Time to celebrate. It’s Holi. A day when the entire country and Indians all across the world celebrate. But now the colors are all around. Beyond community, caste, religion and nationalities.
Holi, the festival of colors. The festival of love. The festival which signifies the victory of good over evil, end of winter, the arrival of spring and for all of us a festive day to meet friends and family, play, laugh, joke, pull each other’s leg, have a few swigs and enjoy some real cool Thandai with Bhang ( marijuana plant leaves boiled and formed into a paste). And then starts the real fun. We celebrate happiness 💃🏾🕺
Holi is also celebrated as a thanksgiving for a good harvest. It lasts for a night and a day, starting on the evening of the Purnima (Full Moon day) falling in the month of Phalgun in Hindu Calendar, somewhere between the end of February and the middle of March. The first evening is known as Holika Dahan (burning of demon Holika) or Chhoti Holi and the following day as Holi.

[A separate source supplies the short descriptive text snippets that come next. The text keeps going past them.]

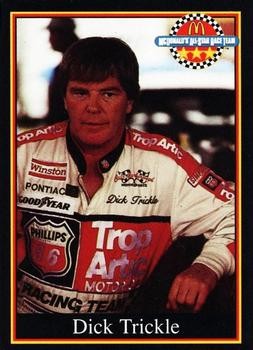 Dick trickle 1991 - dick,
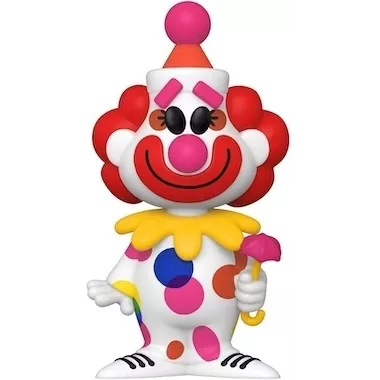 Kaboom Cereal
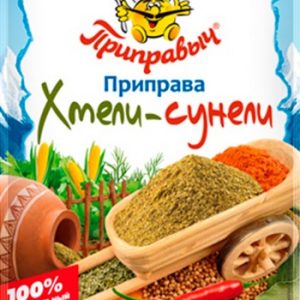 Хмели-сунели Приправыч м/у 15г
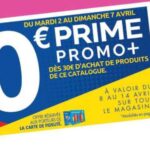 Comment obtenir des bons de réduction Carrefour ?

There is a symbolic legend to explain why Holi is celebrated as a festival of colors in the honor of Hindu god Vishnu and his follower Prahlada. King Hiranyakashipu, according to legends was the king of demonic Asuras, and had earned a boon that gave him five special powers. He could be killed by neither a human being nor an animal, neither indoors nor outdoors, neither at day nor at night, neither by astra (projectile weapons) nor by any shastra (handheld weapons), and neither on land nor in water or air. Hiranyakashipu grew arrogant, thought he was God, and demanded that everyone worship only him.

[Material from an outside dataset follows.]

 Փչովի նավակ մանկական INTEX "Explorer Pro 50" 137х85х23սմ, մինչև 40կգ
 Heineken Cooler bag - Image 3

Hiranyakashipu’s own son, Prahlada, however, disagreed. He was and remained devoted to Vishnu.This infuriated Hiranyakashipu. He subjected Prahlada to cruel punishments, none of which affected the boy or his resolve to do what he thought was right. Finally, Holika, Prahlada’s evil aunt, tricked him into sitting on a pyre with her. Holika was wearing a cloak that made her immune to injury from fire, while Prahlada was not. As the fire roared, the cloak flew from Holika and encased Prahlada, who survived while Holika burned. Vishnu, the god who appears as an avatar to restore Dharma (Justice), took the form of Narasimha – half human and half lion, at dusk (when it was neither day nor night), took Hiranyakashyapu at a doorstep (which was neither indoors nor outdoors), placed him on his lap (which was neither land, water nor air), and then eviscerated and killed the king with his lion claws (which were neither a handheld weapon nor a launched weapon).
The Holika bonfire and Holi signifies the celebration of the symbolic victory of good over evil, of Prahlada over Hiranyakashipu, and of the fire that burned Holika 🎊
So what are we waiting for. Let’s get going. 🏃Start preparing for our journey.
Talking about journey, what a wonderful one it has been for me in the last eight months. Living a dream, I had almost forgotten about. And then one night at 11 o’clock, I made my first attempt. By next morning it had taken shape. My dream of penning down my travel memories and taking it to the world. 🚴 My travel blog, Travel with passion.
The journey has been fascinating and intriguing, to say the least. There is still a long long way to go. Thank you readers and my die hard followers for your words of love 💕
For now, let’s celebrate the colors of happiness together. And for my friends who are not here, come to India. Let the colors rock you.